Namun apapun versinya untuk besok, tentu saja tetap bukan pilihan untuk ditanggapi karena semua itu hanyalah topeng semata; bahwa Dean Winchester masih berdiri secara sehat jasmani, penuh potensial ide optimis dan selalu... sempurna.
Dan yang membuat semakin ironis... seluruh komplikasi kategori emosi menjadi parah semenjak Cass ada di samping Dean.

Berapa kali ia mendengar "Dean dan aku" dari mulut Cass?
Tch.
Betapapun malaikat itu bersifat loyal pada Dean, Cass jelas menitik beratkan "untukmu" dengan fundamental "karena" dan buat seakan-akan Dean yang bersalah langsung pada poin dengan segala subteks yang bersamaan.

Cass pelajari Dean dari segala versi.
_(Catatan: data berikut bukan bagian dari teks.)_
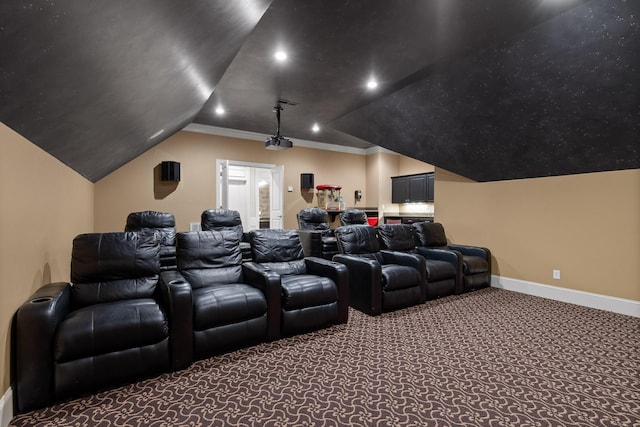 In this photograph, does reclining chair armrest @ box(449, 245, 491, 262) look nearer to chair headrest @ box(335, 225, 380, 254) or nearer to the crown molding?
chair headrest @ box(335, 225, 380, 254)

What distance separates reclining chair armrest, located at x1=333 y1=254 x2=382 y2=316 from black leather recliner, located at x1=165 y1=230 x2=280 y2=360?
121cm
Berusaha bertindak manusia dalam legalisasi emosi buatan, lalu mengekspresikannya semua dengan wajah yang tak bercela.
Dan satu hal yang pasti. Malaikat itu memboyong seluruh sifat keras kepala dari Dean, kemudian kembalikan langsung di muka dan bersikap penuh notasi blak-blakan 'lihat apa yang sudah kau lakukan padaku'.

Itu sungguh ironis.

Sejauh adil, semua yang kenal dengan Dean Winchester baik secara keseluruhan luar ataupun dalam dari segi mental dan jiwa... sudah pasti dengan jelas mengetahui kelemahan pria itu. Karena bagi Dean, semua perlakuan kesan negatif untuknya adalah pembayaran, keharusan, ketentuan, hukuman, dan apalah sebutan sinonimnya.

Tak seperti Cass tak tahu masalah Dean dengan segala kompleksitasnya setelah kembali dari alam Neraka 3 tahun lalu...
"...terbakar, pria dengan tempurung jasmani yang kosong" ketika ia ingat cara simbolisasi Malaikat itu tentang manusia favorit-nya sewaktu sang manusia memutuskan hendak beri "ya" pada Michael.
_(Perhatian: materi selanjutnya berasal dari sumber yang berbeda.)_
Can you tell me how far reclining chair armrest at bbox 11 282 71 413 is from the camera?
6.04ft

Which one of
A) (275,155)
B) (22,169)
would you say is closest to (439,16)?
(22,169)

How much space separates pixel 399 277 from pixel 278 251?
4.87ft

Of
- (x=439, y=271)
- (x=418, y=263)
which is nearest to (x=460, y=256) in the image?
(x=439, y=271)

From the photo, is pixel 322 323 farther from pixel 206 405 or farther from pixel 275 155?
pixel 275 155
Lucifer pernah cerita saat si Malaikat bungsu dari Michael itu menempati tubuhnya.

Dean itu jiwa yang sangat indah. Semurni jiwa Michael atas identikal dari segala cinta dan perhatian, juga animasi ketangguhan sekaligus pribadi yang sakit jiwa.
Michael selalu menyayangi Lucifer... beserta kisah petualangan perang mereka; tentu, cerita yang tak jauh berbeda dengan perjalanan kisah hidupnya dengan Dean pada setiap lembar bab tentang dirinya, lengkap petualangan yang serupa. Hanya saja kiasan ungkapannya lebih tipikal ilustrasi fiksi ketimbang puisi dalam sejarah kekal per-malaikatan.
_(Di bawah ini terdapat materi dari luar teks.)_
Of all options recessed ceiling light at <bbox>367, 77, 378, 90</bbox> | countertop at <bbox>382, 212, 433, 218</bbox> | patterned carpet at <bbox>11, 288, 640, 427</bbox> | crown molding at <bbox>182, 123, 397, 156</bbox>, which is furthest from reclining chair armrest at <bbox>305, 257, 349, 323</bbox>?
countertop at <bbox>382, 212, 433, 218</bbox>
Tetapi 'pribadi yang sakit jiwa', itu lain partisi dari isu yang ada.

Dean lebih sarap dari Michael karena Dean rela menjadi tameng hidup, bahkan sampai alami Garu Neraka demi dan untuk Sam. Sedang Michael malah membuang Lucifer ke Garu Neraka demi dan untuk mengikuti perintah Tuhan.
Itu... membuat Lucifer iri pada beberapa level.

Ia bisa kenali bagaimana tingkat gejolak perasaan jijik bercampur kemarahan pada malaikat yang terbuang itu saat Dean katakan dengan segenap ketulusan "aku disini, aku takkan meninggalkanmu"; kemudian menghajarnya berkali-kali menggunakan kepalan-nya... kepalan dengan jemari yang pernah 100 kali menyentuh wajah Dean, baik ketika kala Trickster menjebak mereka di kejadian Spot Misteri versi Groundhog Day dan lebih dari tak terhitung saat masa berburu hanya untuk tanyakan "tak apa-apa?".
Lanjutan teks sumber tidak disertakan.